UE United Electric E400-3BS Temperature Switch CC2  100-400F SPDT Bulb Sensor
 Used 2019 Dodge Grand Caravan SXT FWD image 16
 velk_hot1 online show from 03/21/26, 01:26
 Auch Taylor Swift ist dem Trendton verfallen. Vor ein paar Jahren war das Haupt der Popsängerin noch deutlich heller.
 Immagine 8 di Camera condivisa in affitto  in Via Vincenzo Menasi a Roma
────────────────────
▸ Problem to solve
Each line of the listing must be output once more, exactly as shown above.

▸ Written response
UE United Electric E400-3BS Temperature Switch CC2  100-400F SPDT Bulb Sensor
 Used 2019 Dodge Grand Caravan SXT FWD image 16
 velk_hot1 online show from 03/21/26, 01:26
 Auch Taylor Swift ist dem Trendton verfallen. Vor ein paar Jahren war das Haupt der Popsängerin noch deutlich heller.
 Immagine 8 di Camera condivisa in affitto  in Via Vincenzo Menasi a Roma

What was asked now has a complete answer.